Retirement security, prison overcrowding, unconditional funding of the Israeli Defense Force — these are just a few of the issues never explored in the most influential arenas of American political debate because Democrats and Republicans are essentially of one mind when it comes to many subjects. Howard Dean aptly focused on this problem when he spoke of “God, gays, and guns” as the only areas of real clash between the two entrenched parties. He expressed a longing to see more discussion of bread and butter issues rarely made prominent by Presidential politics. Not long after this longing started to gain popular resonance, a lone non-verbal utterance became the pretext to sideline the outgoing Governor of Vermont.
In an ideal America, deep concern about a particular issue would translate into greater national attention paid to that issue. Advocacy groups and outsider political parties could concentrate on the realistic goal of claiming a few legislative seats. This concern would then be given much more effective voice on the national stage.

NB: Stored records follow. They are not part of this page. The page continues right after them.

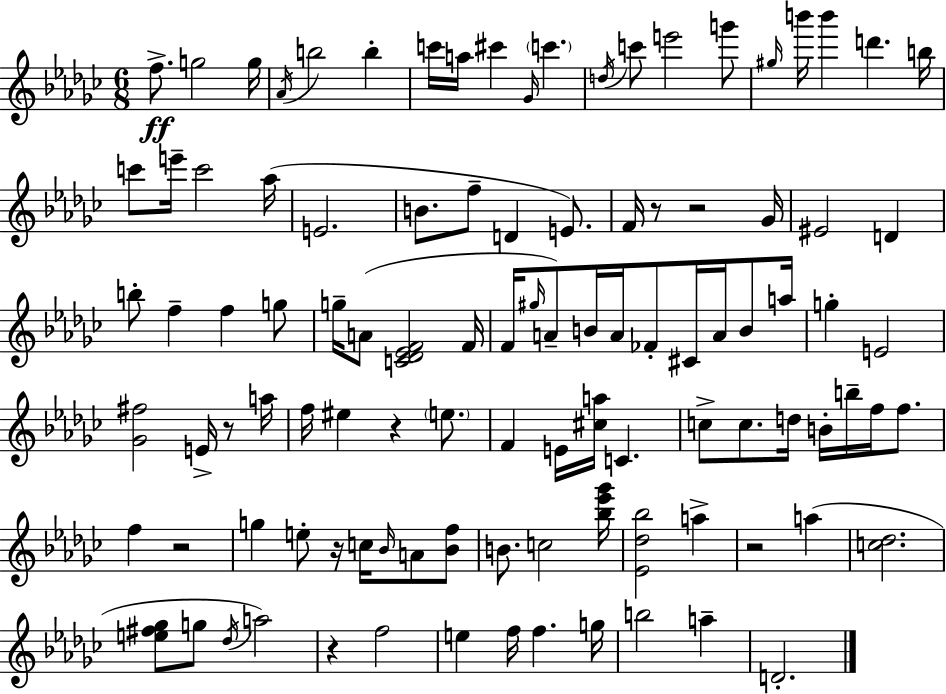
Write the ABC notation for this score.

X:1
T:Untitled
M:6/8
L:1/4
K:Ebm
f/2 g2 g/4 _A/4 b2 b c'/4 a/4 ^c' _G/4 c' d/4 c'/2 e'2 g'/2 ^g/4 b'/4 b' d' b/4 c'/2 e'/4 c'2 _a/4 E2 B/2 f/2 D E/2 F/4 z/2 z2 _G/4 ^E2 D b/2 f f g/2 g/4 A/2 [C_D_EF]2 F/4 F/4 ^g/4 A/2 B/4 A/4 _F/2 ^C/4 A/4 B/2 a/4 g E2 [_G^f]2 E/4 z/2 a/4 f/4 ^e z e/2 F E/4 [^ca]/4 C c/2 c/2 d/4 B/4 b/4 f/4 f/2 f z2 g e/2 z/4 c/4 _B/4 A/2 [_Bf]/2 B/2 c2 [_b_e'_g']/4 [_E_d_b]2 a z2 a [c_d]2 [e^f_g]/2 g/2 _d/4 a2 z f2 e f/4 f g/4 b2 a D2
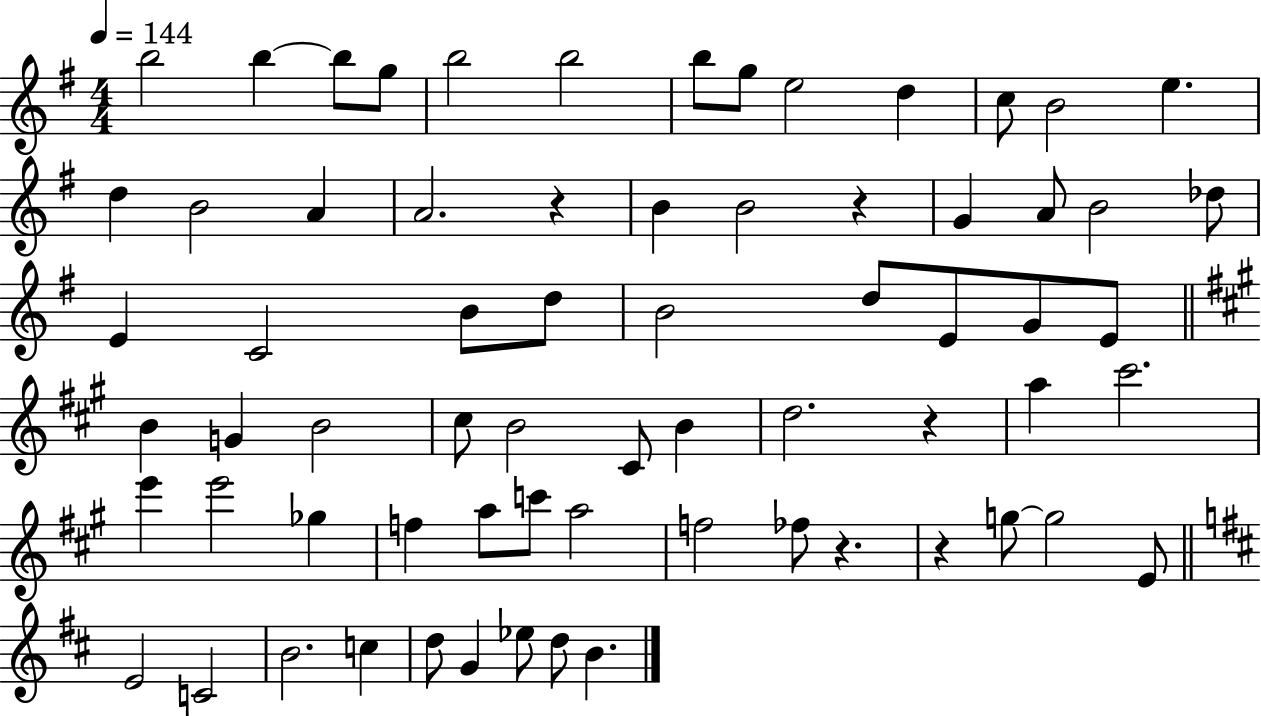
{
  \clef treble
  \numericTimeSignature
  \time 4/4
  \key g \major
  \tempo 4 = 144
  b''2 b''4~~ b''8 g''8 | b''2 b''2 | b''8 g''8 e''2 d''4 | c''8 b'2 e''4. | \break d''4 b'2 a'4 | a'2. r4 | b'4 b'2 r4 | g'4 a'8 b'2 des''8 | \break e'4 c'2 b'8 d''8 | b'2 d''8 e'8 g'8 e'8 | \bar "||" \break \key a \major b'4 g'4 b'2 | cis''8 b'2 cis'8 b'4 | d''2. r4 | a''4 cis'''2. | \break e'''4 e'''2 ges''4 | f''4 a''8 c'''8 a''2 | f''2 fes''8 r4. | r4 g''8~~ g''2 e'8 | \break \bar "||" \break \key d \major e'2 c'2 | b'2. c''4 | d''8 g'4 ees''8 d''8 b'4. | \bar "|."
}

In the absence of a majority party government, effective leadership would require outreach to some of these issue-oriented groups in order to build a coalition. The end result is better politics (incumbents face greater challenges to holding office, negative campaigning is much less likely to produce a win, and civic discourse focuses much more keenly on matters of governance) and better policies (bad ideas face much stronger resistance, proposals are evaluated from more diverse perspectives, and greater levels of expertise are applied to pressing issues.)
It is an old military truism that, “you go to war with the army you have, not the army you wish you had.” To some degree it is also the case that Americans must go to the polls with the political system we have, not the political system we wish we had. Yet going to the polls is, save for an elite group of insiders, a citizen’s only way to have a direct influence on possible changes to that system. Even in the early 21st century, when differences between Democrats and Republicans are especially pronounced, similarities remain strong. A vote for a candidate from either party is, like it or not, also an endorsement of the vast array of positions upheld by the bipartisan oligarchy.

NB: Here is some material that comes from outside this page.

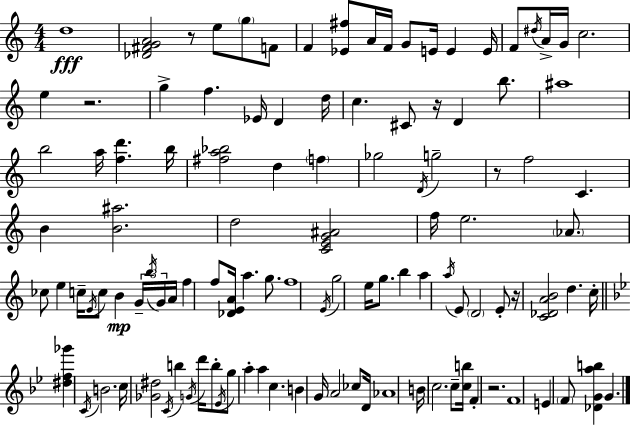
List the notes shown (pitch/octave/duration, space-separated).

D5/w [Db4,F#4,G4,A4]/h R/e E5/e G5/e F4/e F4/q [Eb4,F#5]/e A4/s F4/s G4/e E4/s E4/q E4/s F4/e D#5/s A4/s G4/s C5/h. E5/q R/h. G5/q F5/q. Eb4/s D4/q D5/s C5/q. C#4/e R/s D4/q B5/e. A#5/w B5/h A5/s [F5,D6]/q. B5/s [F#5,A5,Bb5]/h D5/q F5/q Gb5/h D4/s G5/h R/e F5/h C4/q. B4/q [B4,A#5]/h. D5/h [C4,E4,G4,A#4]/h F5/s E5/h. Ab4/e. CES5/e E5/q C5/s E4/s C5/e B4/q G4/s B5/s G4/s A4/s F5/q F5/e [Db4,E4,A4]/s A5/q. G5/e. F5/w E4/s G5/h E5/s G5/e. B5/q A5/q A5/s E4/e D4/h E4/e R/s [C4,Db4,A4,B4]/h D5/q. C5/s [D#5,F5,Gb6]/q C4/s B4/h. C5/s [Gb4,D#5]/h C4/s B5/q G4/s D6/s B5/e Eb4/s G5/e A5/q A5/q C5/q. B4/q G4/s A4/h CES5/e D4/s Ab4/w B4/s C5/h. C5/e [C5,B5]/s F4/q R/h. F4/w E4/q F4/e [Db4,G4,A5,B5]/q G4/q.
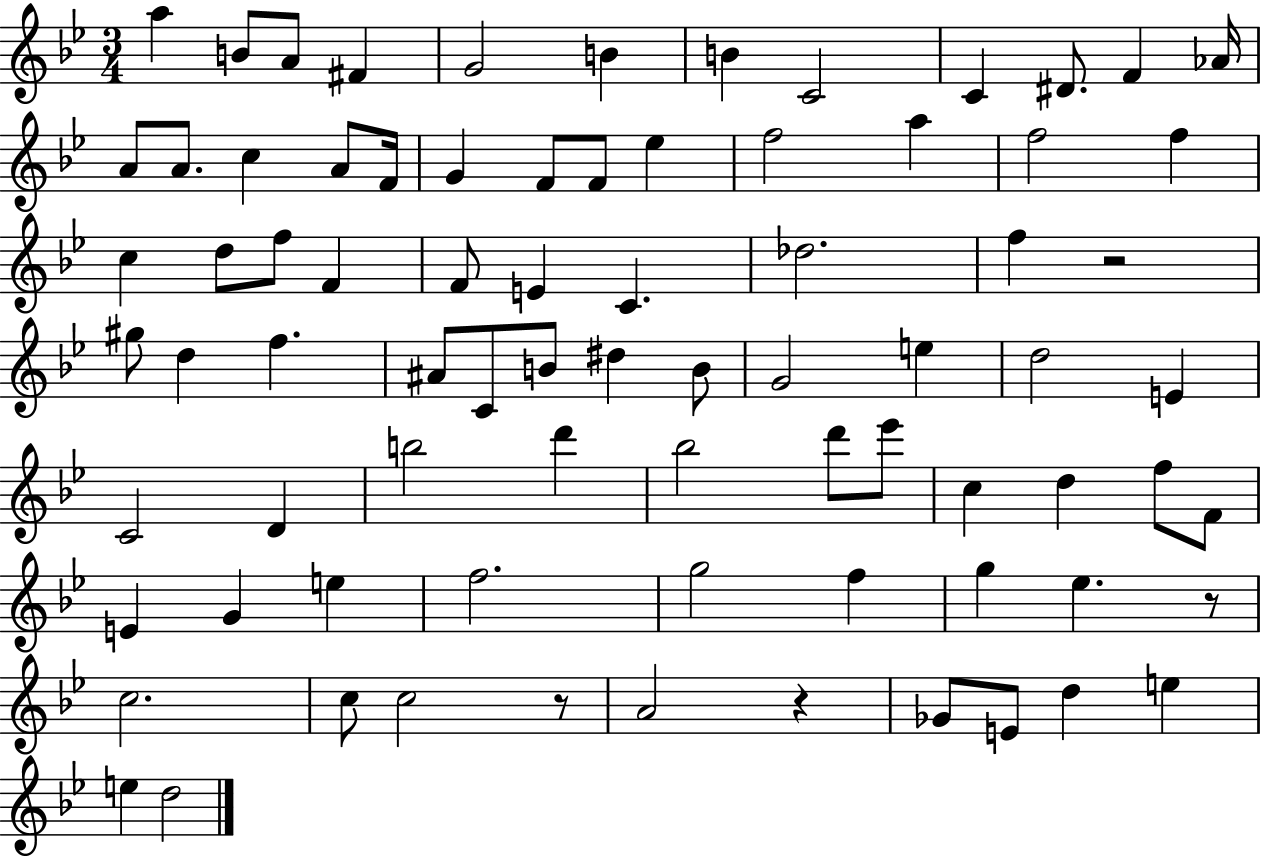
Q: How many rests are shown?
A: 4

Even more than sporting events, national elections tend to have unpredictable outcomes. It is understandable that an informed citizen in a closely contested state might choose “the lesser of two evils” over the endorsement of an outsider candidate with an agenda that is not generally evil. Yet I am inclined to believe this behavior fails to be ethical even if it is understandable.

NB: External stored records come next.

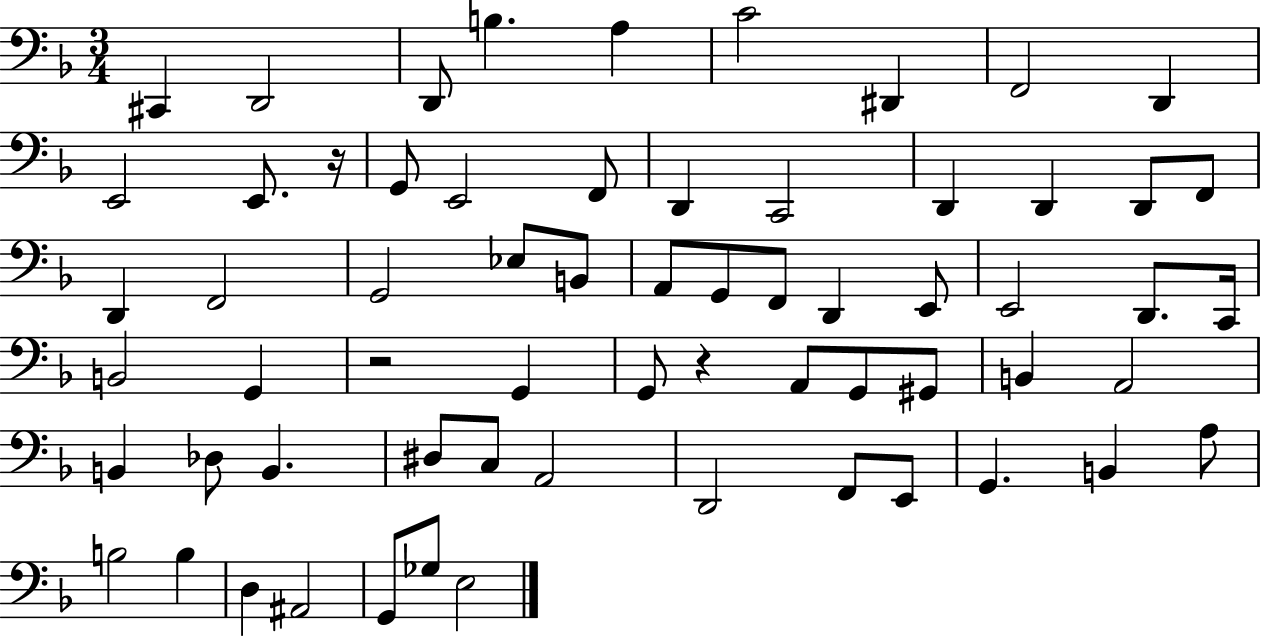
{
  \clef bass
  \numericTimeSignature
  \time 3/4
  \key f \major
  cis,4 d,2 | d,8 b4. a4 | c'2 dis,4 | f,2 d,4 | \break e,2 e,8. r16 | g,8 e,2 f,8 | d,4 c,2 | d,4 d,4 d,8 f,8 | \break d,4 f,2 | g,2 ees8 b,8 | a,8 g,8 f,8 d,4 e,8 | e,2 d,8. c,16 | \break b,2 g,4 | r2 g,4 | g,8 r4 a,8 g,8 gis,8 | b,4 a,2 | \break b,4 des8 b,4. | dis8 c8 a,2 | d,2 f,8 e,8 | g,4. b,4 a8 | \break b2 b4 | d4 ais,2 | g,8 ges8 e2 | \bar "|."
}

A system so obviously and extremely dysfunctional finds its false justification renewed by every surge in support for mainstream candidates. It also finds its false justification challenged by every surge in support for third party candidates. Perhaps in this cycle, or even in this lifetime, you do not see an outsider mounting a successful Presidential challenge to the establishment. Does that warrant giving the establishment the strongest form of support private citizens can convey? Widespread belief in the validity of that thinking paints of picture of America not as a pluralist democracy, but as a schizophrenic autocracy. Can any earnest patriot knowingly further our national march down that dark path?